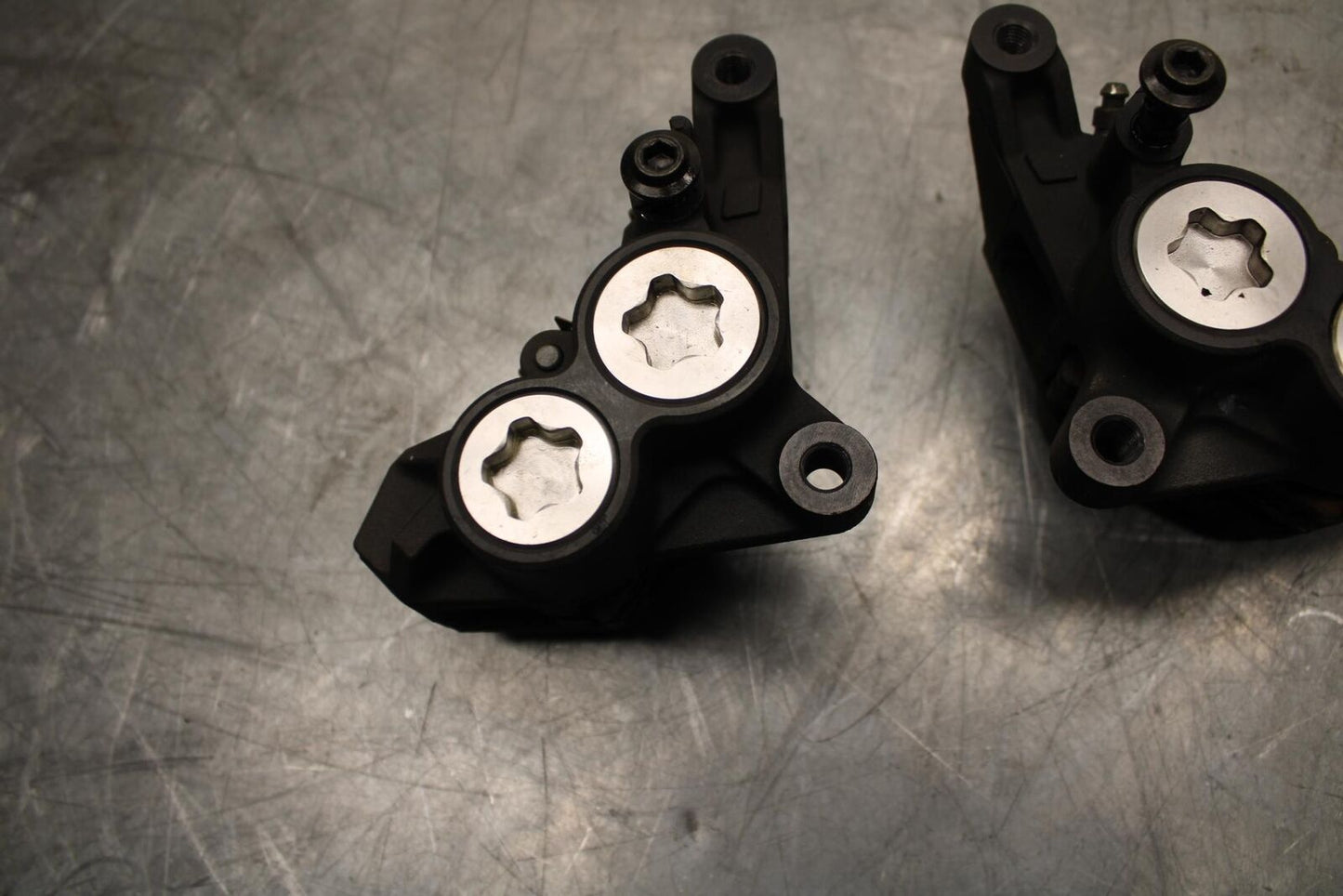 16-22 YAMAHA XSR 700 RIGHT LEFT FRONT BRAKE CALIPER SET PAIR CALIPERS BB475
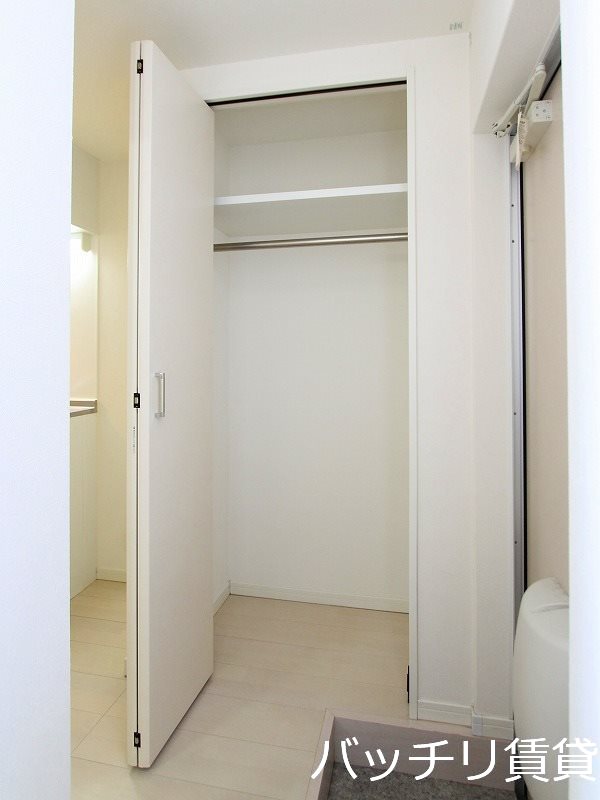 収納　画像は、同型タイプの為、現状を優先いたします。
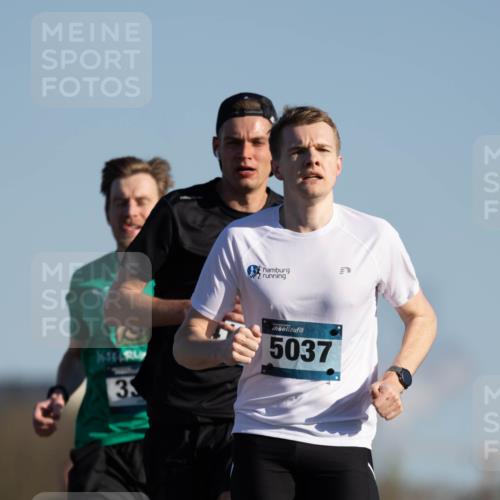 06.04.2025 - 44. Internationalen Wilhelmsburger Insellauf Michael Strokosch http://msf.ph/oto/7624489 06.04.2025 09:15:53 Laufen 33, 5037 meine-sportfotos.de
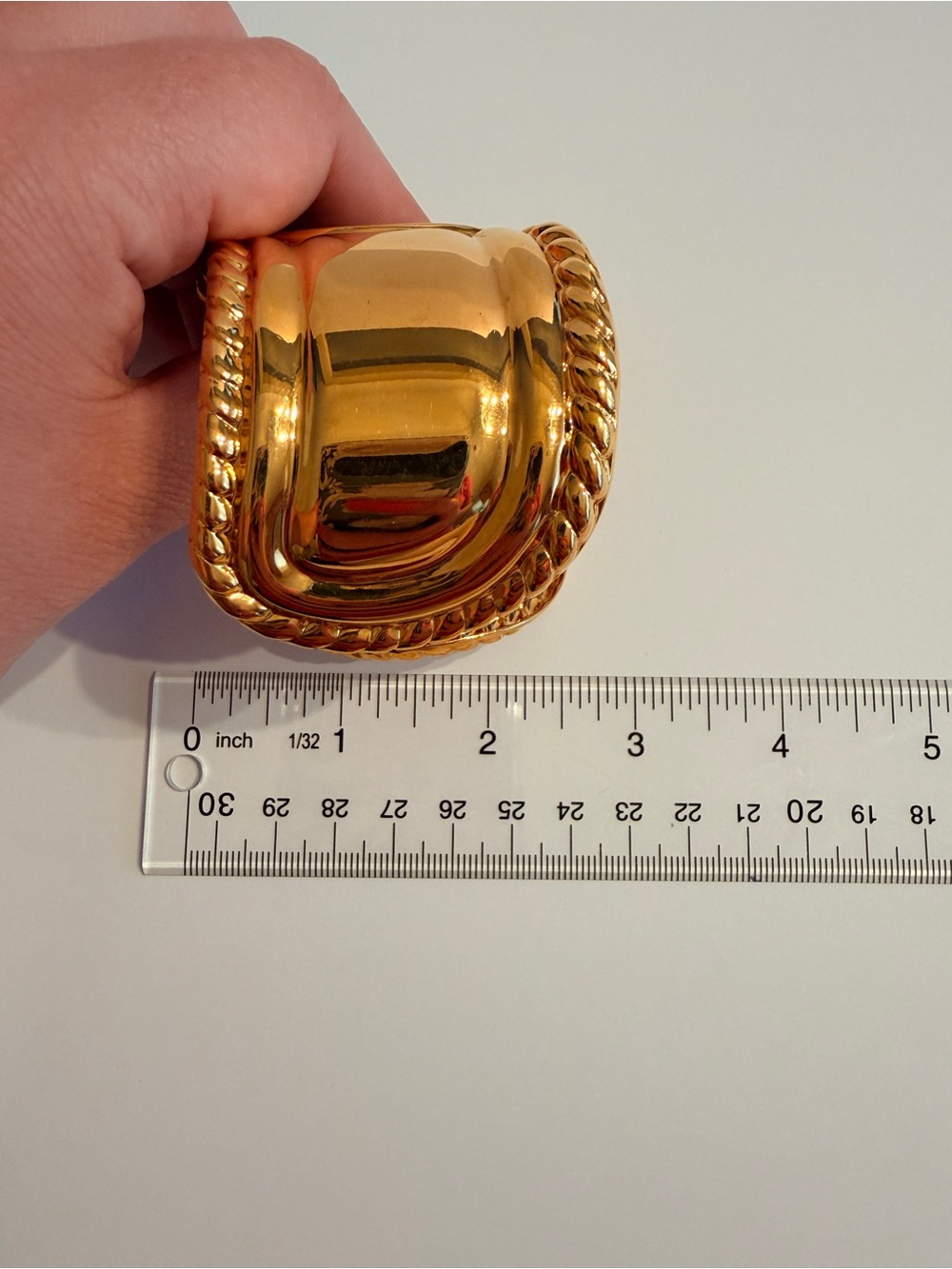 Coreen Simpson for Avon Gold-Tone Black Female Cameo Bracelet - Picture 3 of 7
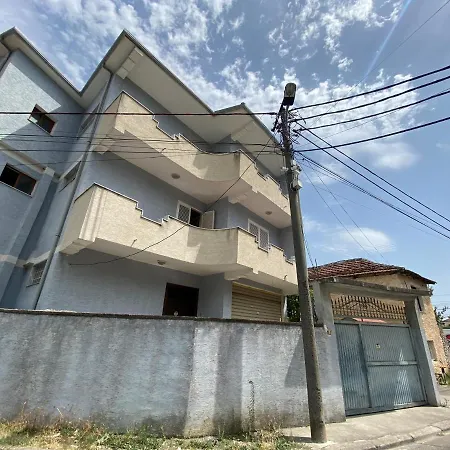 Cheerful Residential With Free Parking & Wifi Tatil Evi Shkodër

+---+

▶ _YOUR TASK_: Write out exactly, and nothing more than, the lines of the entries above from the line containing "Coreen Simpson for" through the final line; omit any pictures.

▶ _RESPONSE BOX_:
 Coreen Simpson for Avon Gold-Tone Black Female Cameo Bracelet - Picture 3 of 7
 Cheerful Residential With Free Parking & Wifi Tatil Evi Shkodër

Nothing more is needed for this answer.